Очень вероятно, что бывали у Франциска и другие минуты, когда и в этой последней. Пятой Дыре, — в глубине преисподней, он больше, чем верил и надеялся, — знал, что будет спасен; что на тех же крыльях Духа, на которых вынесен был из тех четырех «дыр», вынесен будет и из этой пятой, последней; и уже чувствуя веяние Духа, — блаженствовал, так же как, умирая в солнце, Утренняя Звезда играет всеми цветами радуги, играл и он; «пел, умирая», mortem suscipit cantando.
Только смерть будет концом этого выхождения из пятой Дыры, но уже начало его — Альверно.
В сердце Италии, в Казентинской области, среди высочайших и неприступнейших Апеннинских гор, возносится гора Альверно, — острая, гладкая, черная, отдельная, точно с неба упавшая, исполинская базальтовая глыба, — как бы земное подобие небесного престола Люцифера.

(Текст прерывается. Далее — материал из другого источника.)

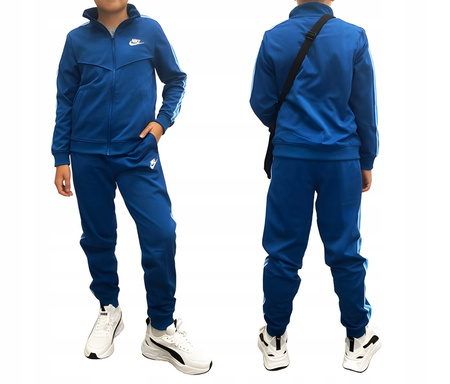 NIKE DRES DZIECIĘCY JUNIOR MŁODZIEŻOWY sportowy FD3061 476 R. XS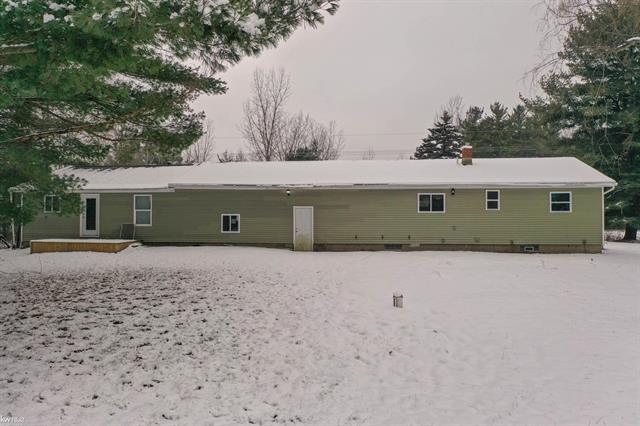 Builiding view nineteen for 4875 Sheridan, Millington, MI. 48746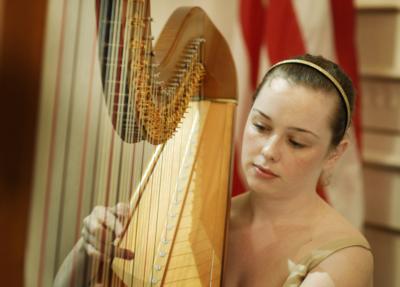 Maryanne Meyer | Philadelphia, PA | Classical Harp | Photo #4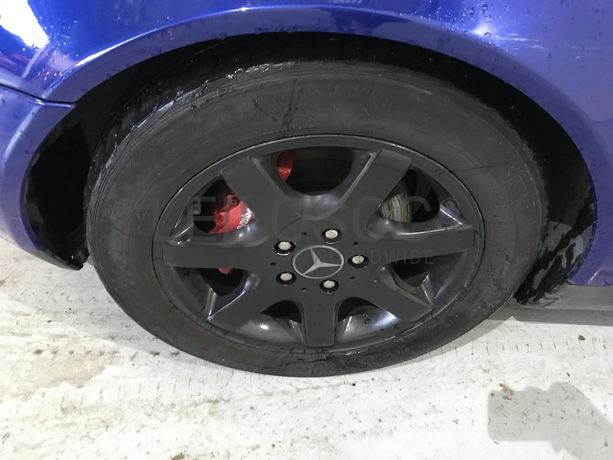 Mercedes-Benz SLK 200 2.0 · Ano 1997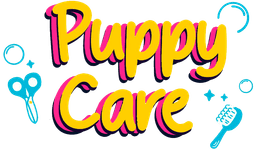 Letra da logo Puppy Care
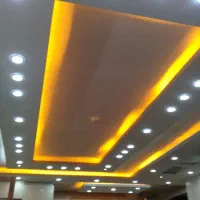 نقاشی ساختمان قصر قو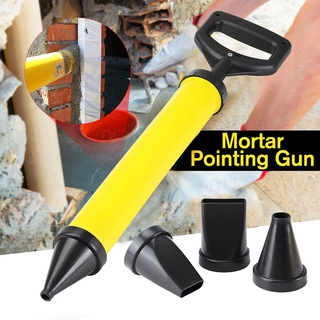 เครื่องมือยิงกาว, ปั๊มปูนซิเมนต์, ยาแนวปูนยาแนว Applicator Grout Filling Tools พร้อมหัวฉีด 4 หัว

Только на самой вершине ее находится доступная по одной лишь, снизу ведущей, тропе, мачтовыми соснами и буками поросшая площадка, откуда виднеются необозримые дали: Романья, Анкона и Адриатика, на западе, а на востоке — Умбрия, Тоскана и Средиземное море.[263]
Осенью 1224 года, чувствуя, что приближается конец, — последнее от одежды плоти обнажение, освобождение, и желая к нему приготовиться, ушел Франциск на гору Альверно.

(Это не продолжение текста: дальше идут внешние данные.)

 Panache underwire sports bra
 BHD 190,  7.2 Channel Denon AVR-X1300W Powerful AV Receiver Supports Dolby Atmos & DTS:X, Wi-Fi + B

В поисках пустыни совершенной уходил он все дальше и дальше, от людей к Богу: на гору ушел сначала только с тремя братьями; потом ушел и от них, — в такое место, где они не могли видеть его; потом, — где не могли слышать, на отдельную, отовсюду окруженную безднами, скалу. С местом, где жили братья, в лиственных хижинах-кельях, соединял эту скалу только перекинутый головокружительным, над бездною, мостиком, буковый ствол.[264]
«Господи, дай мне узнать, как Ты любил и страдал!» — молился Франциск.[265]
Сын Божий возлюбил меня и предал Себя за меня (Гал. 2, 20), — это самая глубокая и огненная из всех человеческих мыслей; кто понял и пережил ее как следует, для того становится она единственной; больше ни о чем думать и чувствовать не может он ничего. Это поглощает всего человека, — не только душу его, но и тело; в теле своем испытывает он хотя и бесконечно малую, но все же возрастающую меру того, что испытал за него Распятый. «В теле моем я чувствовал Страсти Господни», — вспоминает Франциск о том, что с ним было на горе Альверно.[266]
259
Specul. Perfect. IV. 31. — В подлиннике слова несколько иные, но смысл их таков, если даже еще не страшнее.